As much as Cameron is great at world-building, he still needs to understand other literary universes. Wonder Woman is a superhero who comes from the comics. Like Superman, Batman, the Flash, (and a myriad of these godly, bigger than life beings), Wonder Woman is an unattainable level of perfection. Her myth is something we all strive for. Of course she’s not going to be troubled or have past demons. A perfect person won’t have these issues. They would be optimistic. This is how the comics presented her, and the film did a great job juxtaposing her loving and stoic nature against the pessimism and violence of World War I.

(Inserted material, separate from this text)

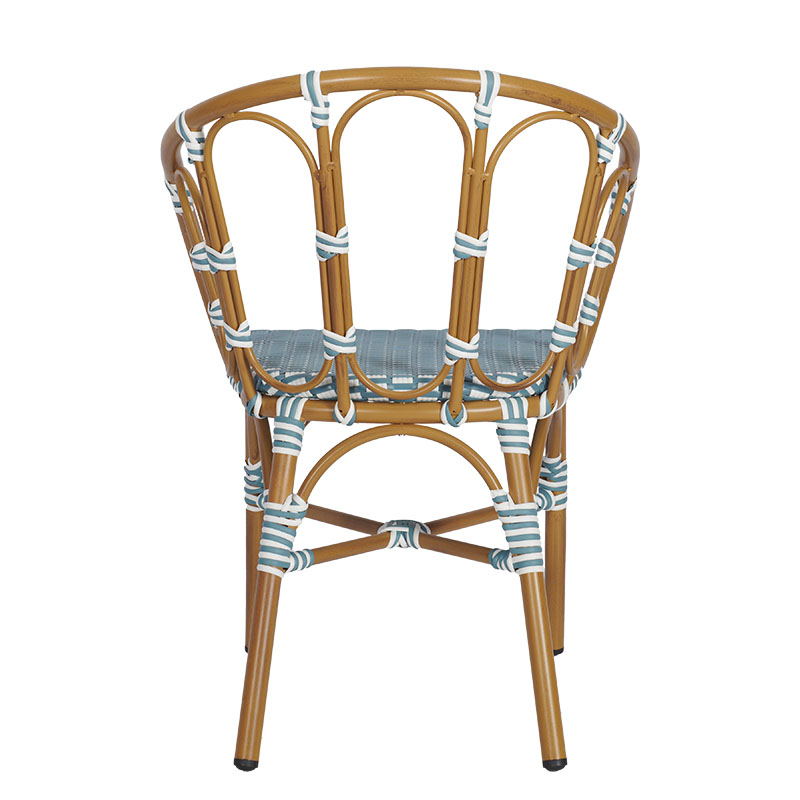 Solent Weave Stacking Outdoor Arm Chair - Blue White - Back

And finally, Cameron seems to have a cookie-cutter version of how a female protagonist should be written. If you look at male characters, are they all Martin Riggs from the first Lethal Weapon—alcoholic and on the verge of suicide? No. We have great characters like Wikus from District 9 (2009), James Bond, the Marvel Cinematic Universe’s Steve Rogers / Captain America (one of the most clean-cut characters mind you), and countless others. The characters span a spectrum ranging from perfect to completely dysfunctional. Why can’t female characters be the same way? What Cameron has done is created a stereotype.
As a man, I will never purport to be a feminist because I will never be able to truly feel the hardships that women face. However, I am a writer and using that perspective, I can say Cameron has a very flawed notion of what a strong character is or isn’t. Also, as a writer, it’s your duty to take any character, regardless of his or her personality and create challenges and conflicts to make the story interesting—which is what Wonder Woman has wonderfully (pun intended) done. Jenkins presents an ideal hero whose arc is knowing the world isn’t perfect, but still worth saving.
Cameron needs to understand that—regardless of gender—characters are interesting because of how they react to a situation. And if we do take gender into account, women like men (news flash) have different personalities and characteristics. Every person is interesting in his or her own way. It’s how that personality reacts to its surroundings that makes a story compelling.